The task: From the material below, return exactly the lines starting at the one that holds "Load image into" and ending at the one that holds "Detienen a 28". Pictures stay out of the answer.

Material for this task:

• • •

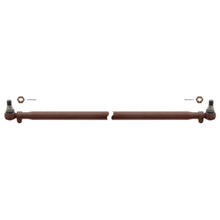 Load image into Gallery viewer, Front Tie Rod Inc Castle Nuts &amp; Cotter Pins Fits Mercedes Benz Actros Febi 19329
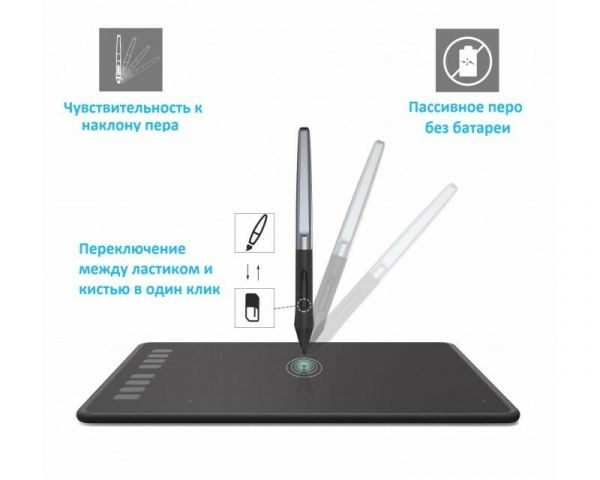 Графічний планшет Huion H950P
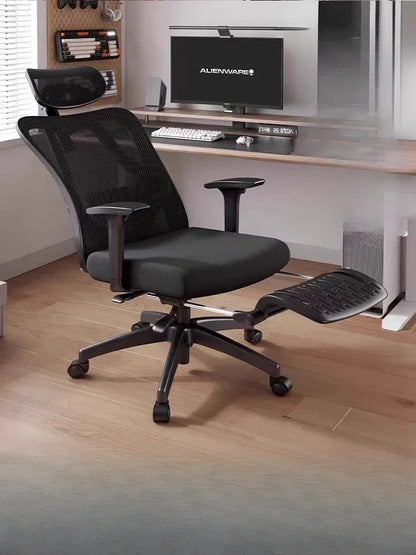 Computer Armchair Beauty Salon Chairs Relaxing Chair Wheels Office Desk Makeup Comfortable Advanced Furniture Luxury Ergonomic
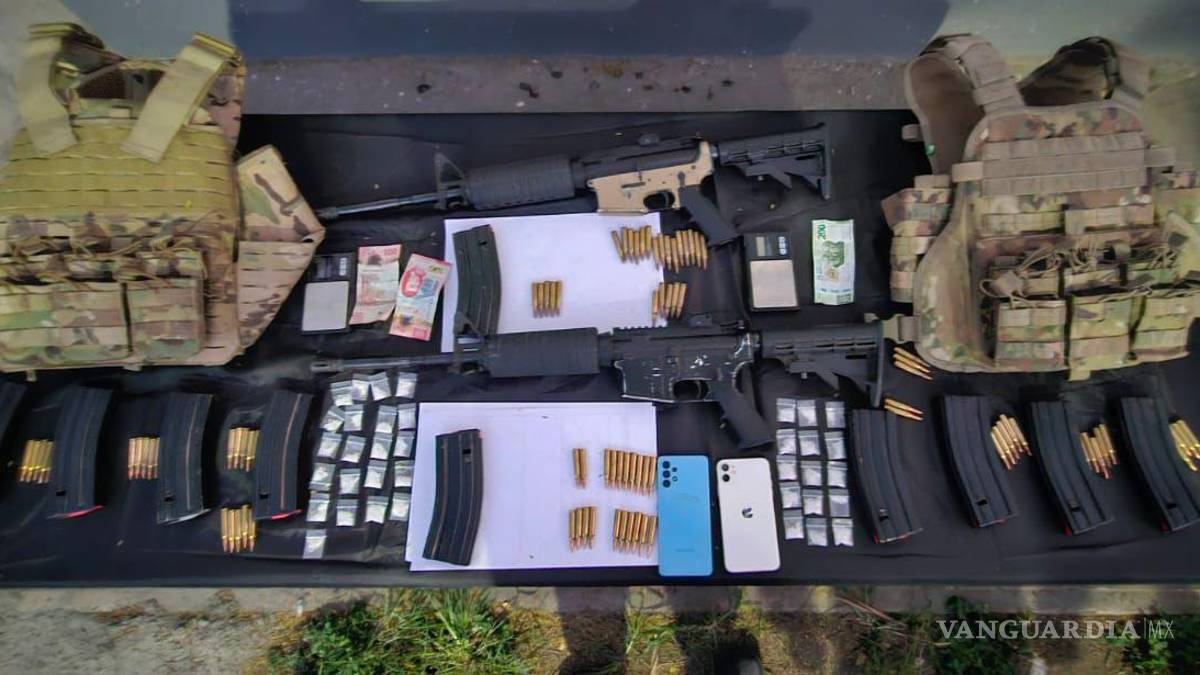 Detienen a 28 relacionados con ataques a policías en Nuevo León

• • •

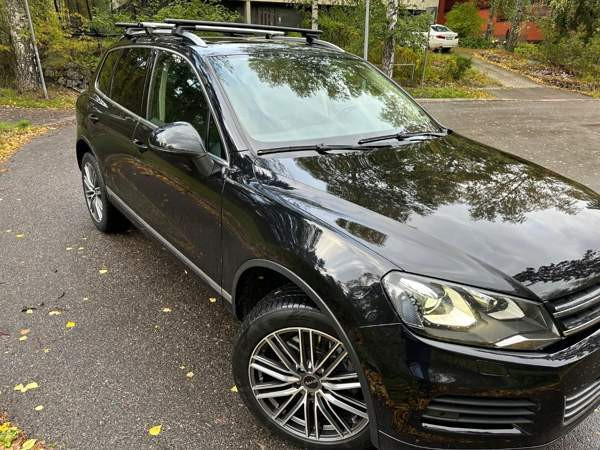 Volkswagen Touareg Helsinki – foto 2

• • •

Response to the exercise:
 Load image into Gallery viewer, Front Tie Rod Inc Castle Nuts &amp; Cotter Pins Fits Mercedes Benz Actros Febi 19329
 Графічний планшет Huion H950P
 Computer Armchair Beauty Salon Chairs Relaxing Chair Wheels Office Desk Makeup Comfortable Advanced Furniture Luxury Ergonomic
 Detienen a 28 relacionados con ataques a policías en Nuevo León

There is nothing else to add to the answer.